Canadian Visual Artists: Gosia

Gosia is a Toronto-based artist who trained as an illustrator but is now transitioning from creating original paintings and small sculptural works to larger fine art sculpture.

Shape of Her Eyes by Gosia

A plaster edition of Shape of Her Eyes next to its unfired clay original.

“I say that the original gets destroyed – as you can see it destroys itself as it dries.”

I visited Gosia in her east end studio where she was putting the finishing touches on several new sculptures in preparation for an exhibition opening this week at Latitude 44 gallery.

How did the shift into sculpture come about for her after years of painting and illustration work?

“When I left school, you had to do a lot of cold-calling for illustration and I didn’t really have it in me.

“I had my website up, and I was getting a lot of requests to buy original illustrations, so I started doing more painting, and doing tiny local shows like the Gladstone – selling prints and some originals. And then the One of a Kind found me at one of those shows, and they asked me to apply, and I did and I got in. They wouldn’t let me sell prints, and I couldn’t just paint a million paintings, so I started making little Sculpey faces.”

Over the course of a couple of years, Gosia’s exploration of whimsical polymer clay faces, dolls, shadow boxes and elfish busts, eventually led her to attempt larger sculptural works:

Eva by Gosia

Eva, one of the three large busts Gosia exhibited at TAP last winter. Photo © Gosia

“After a few years of that, I wanted to make big sculptures. I could feel it – I had this urge. Plus, I got skilled enough with my hands that I knew I could do it.”

Gosia exhibited her first three big pieces at The Artist Project last February:

“I had a really good response, so I’m trying to do more of that. Transitioning from craft into fine art – which is something that I always wanted to do. “

I ask her to tell me a little bit more about her process, which involves making a mold of the original sculpture and elaborating on some of the resulting casts with additional materials:

“I sculpt the original out of clay and I make a silicone mold. I can do whatever I want with it after I have the mold – I can use fabric or different types of clays and come up with new characters, different atmospheres.”

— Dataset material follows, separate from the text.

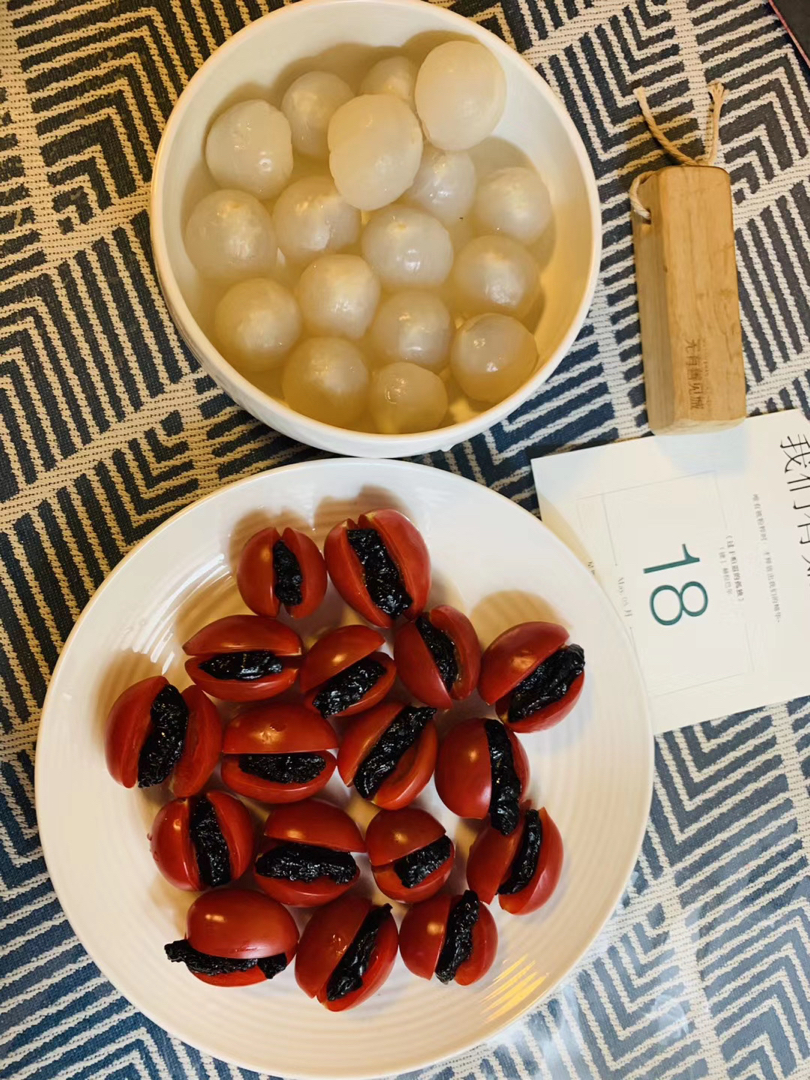 台湾小吃番茄乌梅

The original sculpture for Eva (pictured above) was bald, personalized with hair & headdress after the cast was made. Two other busts from the same mold – Luna and Pearl – were each made unique with their own additions.

Evening Glow by Gosia, in process

In the process of creating Evening Glow – another bust from the same mold as Eva – with the addition of cedar branches

Gosia is making a small number of editions of her latest sculpture, Shape of Her Eyes (also called the Penny bust, after the model who inspired it), without additional elaboration:

“The new stage is creating a sculpture that can stand on its own. [Penny] has hair, she is finished. But she’s still simple enough that I can add to it as well.

“And it’s fun – because I can have the edition and be proud of the piece I sculpted, but then I can also make new ones and explore, and have fun with it.”

Though her illustrations and smaller sculpted faces had a strong touch of the fantastic, the newer work is steering away from fairy tale motifs:

“I wanted to go a little bit more classic at this point. I was doing little elves and fairies and things like that for the last three years, and I feel like I explored that enough for now. I thought I’d go back and learn to do the human form without those elements. I find that more of a challenge right now.”

Elfish face by Gosia

Why was the fantastic element so strong in her earlier work?

“I grew up in Poland, with a lot of stories about woodland creatures. There’s always something living in the woods – in cartoons and children’s books. So that stuff obviously influenced me and stuck in my head and whenever I was doing any kind of drawing – before I thought this would ever become a career – it was always those sorts of creatures and those sorts of ideas.”

Gosia is now focusing completely on sculpture and leaving the illustration work aside – and off her new website.

“It wasn’t because I didn’t like the old work that I was doing; I just had something else inside of me – this is going to sound cheesy – that had to come out. And without a clean break, I don’t feel that you get the chance to move on.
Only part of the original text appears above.